We've already talked about time and date handling a bit, but I use this a lot, so we can talk about it more! Pandas was created to handle Financial data and do financial modeling. This lineage has given pandas really excellent time handling. The main objects are

  * **Time Stamps**: Specific points in time usually recorded to the second or nanosecond
  * **Time Intervals/Time Deltas**: These types lets you do arithmetic on time objects

We need some dates to play with. There's a convenience function called `to_datetime` which can convert many "human readable" dates to a pd.Timestamp object

In [None]:
from datetime import datetime

moonwalk = pd.to_datetime('July 20, 1969, 20:17 UTC')
moonwalk

Timestamps have attributes which let you extract days, year, etc. Normally these will be reported as numbers, but the strftime method supports the usual format specifiers (The correspond with the libc specifiers, here's a reference http://strftime.org/)

In [None]:
print(f"The moon walk took place on a {moonwalk.strftime('%A')}")

In [None]:
pd.to_datetime(datetime.utcnow(), utc=True)

Let's look at another sample dataset, it contains three colums

  * year
  * month
  * passengers
  
We can combine the year and month to create a date, then we can use the result as the index for a single column dataframe

In [None]:
flightsDF = pd.read_csv(
    'https://raw.githubusercontent.com/mwaskom/seaborn-data/master/flights.csv',
    parse_dates=[['year','month']],
    index_col='year_month'
)
flightsDF.head()

In [None]:
flightsDF.dtypes

Now we can index based on date. Let's look at the number of flights in the 1951

In [None]:
flightsDF['1951':'1952'].plot(kind='bar')

Timestamp objects can also deal with arithmetic

In [None]:
flightsDF.index[-1] - flightsDF.index[0]

In [None]:
pd.date_range('2019-06-24 09:00', periods=10, freq='H')

One extremely useful feature with time series is the ability to resample existing time series. For example, we could resample the flight data into year long bins and look at how the mean passenger count increased

In [None]:
flightsDF.resample('Y').mean().plot(kind='bar')
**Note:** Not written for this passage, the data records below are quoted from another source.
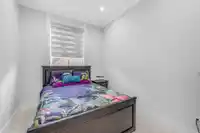 16231 80 AVENUE - thumbnail 11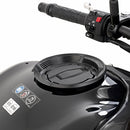 Kawasaki Versys 1000 / Versys 1000 SE [GIVI] - Fastening ring for TANKLOCK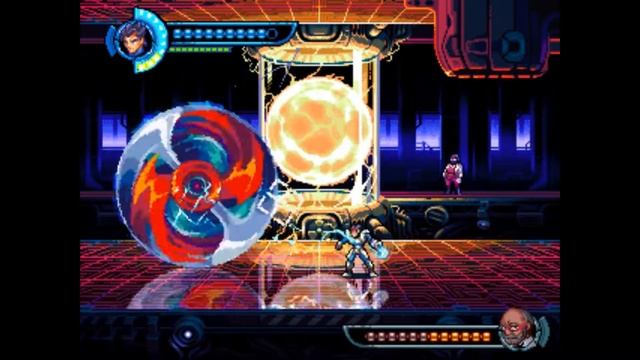 Steel Assault Full Game Walkthrough No Death смотреть онлайн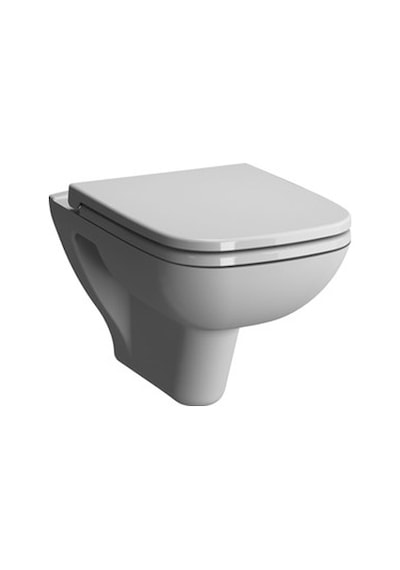 VitrA S20 Asma Klozet 52 cm 5507L003-0868
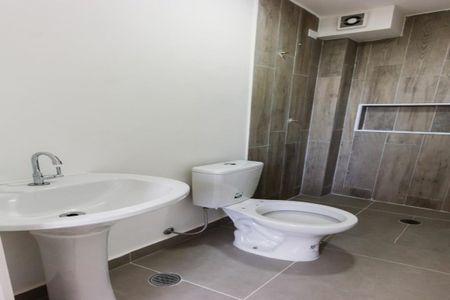 Apartamento para alugar com 3 quartos, 170m² em Vila Anglo Brasileira, São Paulo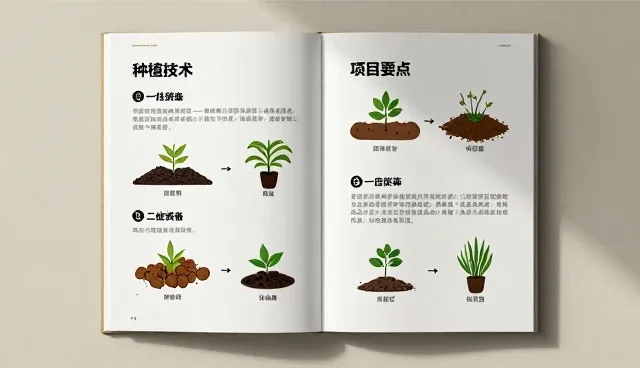 农产品加工中性能与适用条件的对比分析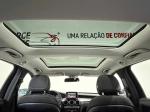 mercedes-benz-classe-c-c-220-d-2018-diesel-2143cc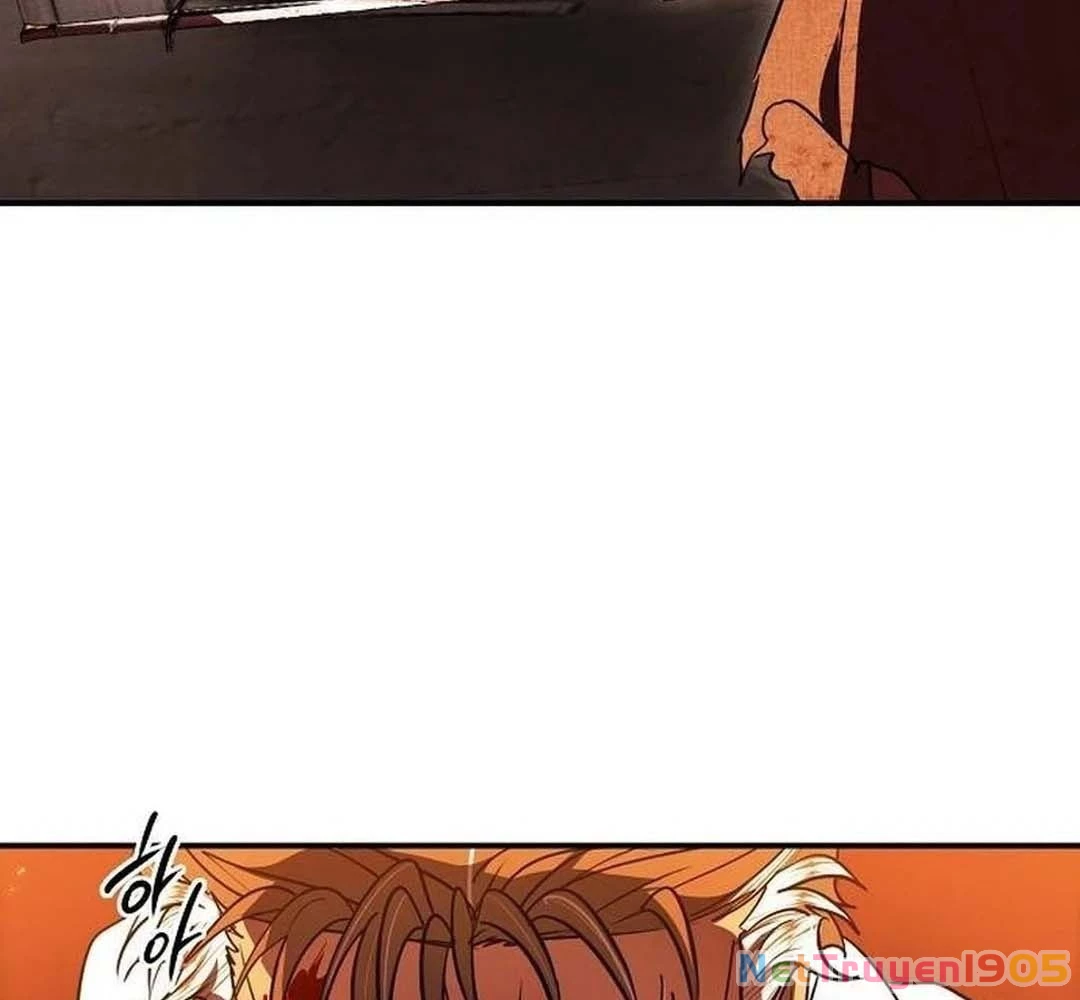 Bị Che Khuất Bởi Mặt Trời Lặn Chapter 203 - 79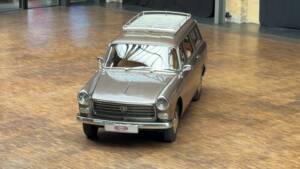 Image 1/40 of Peugeot 404 Break (1965)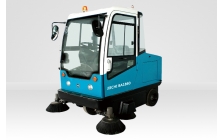 妖精一区二区三区精品视频BA1860全封闭驾驶式妖精视频APP官方下载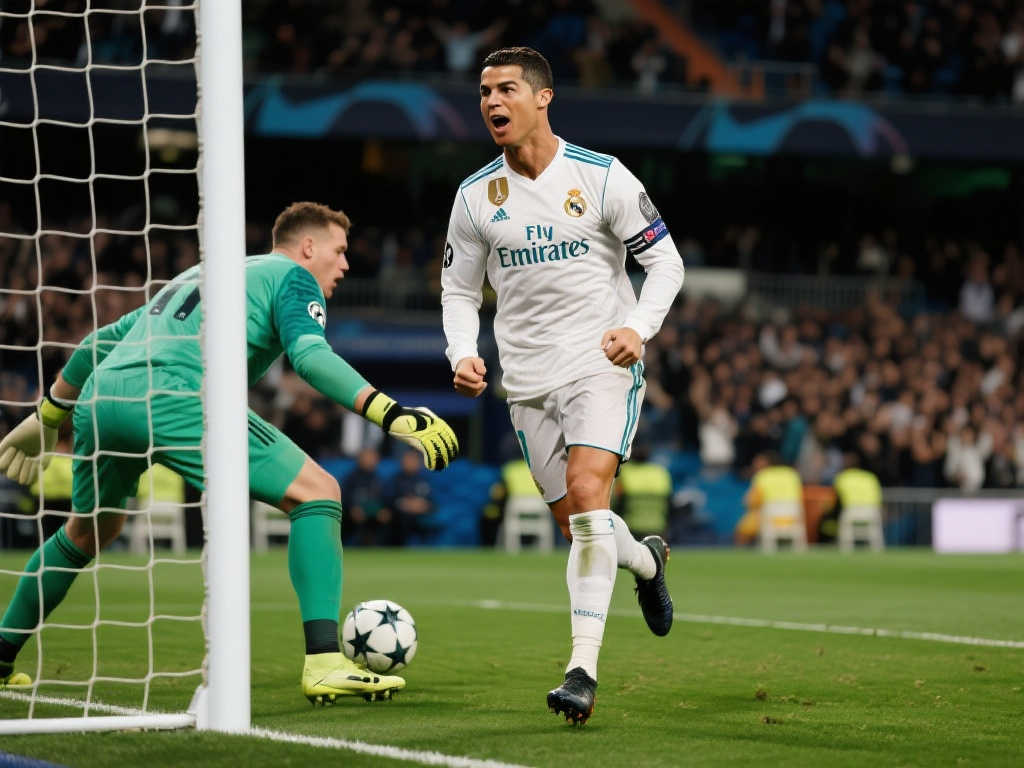 费迪南德：曼联问题根深蒂固，C罗与名帅难挽狂澜，替罪羊成焦点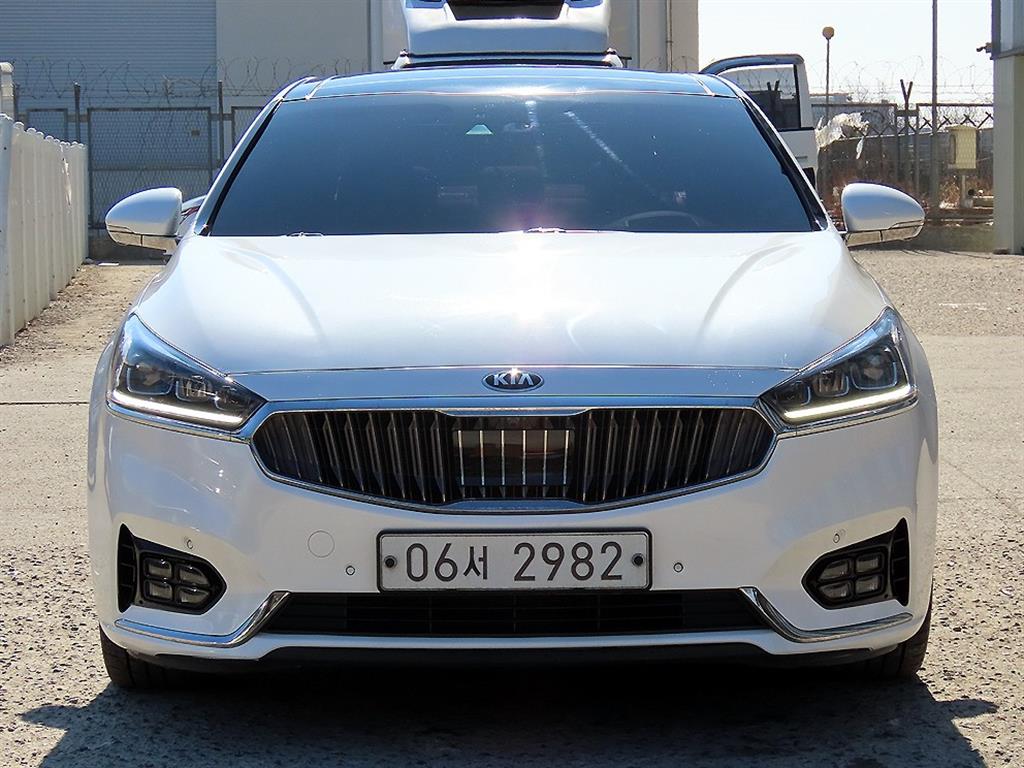 ��� �� ��K7 R2.2 ���� ����Ƽ��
## Grouping, Joining, Concatenating

You can get pretty far by jamming everything into a single dataframe, but sometimes you might want to do aggregate operations within a dataframe (e.g. group together all of the rows by year and show the mean value of some other column). Alternatively you might want to add new rows to or columns to an existing DataFrame or join dataframes based on shared key.


In [None]:
carsDF = pd.read_csv(
    'https://raw.githubusercontent.com/mwaskom/seaborn-data/master/mpg.csv'
)
carsDF.head()

### Groupby
Let's group things by number_of_cylinders and see how that affects mpg...

In [None]:
carsDF['mpg'].mean()

Calling groupby on it's own will give you a `DataFrameGroupBy` object, you have to tell it what you want to do with the groups to actually see some results, this can be convenient if you want to look at different aggregate functions on the same groups.

In [None]:
carsDFbyCylinders = carsDF.groupby('cylinders')
carsDFbyCylinders

The typical aggregate operations are things like

  * mean()
  * sum()
  * median()
  * min()/max()

In [None]:
carsDFbyCylinders.mean()

Group the carsDF by model_year and look at the median mpg (don't include the other columns)

In [None]:
carsDF.groupby('model_year')['mpg'].median()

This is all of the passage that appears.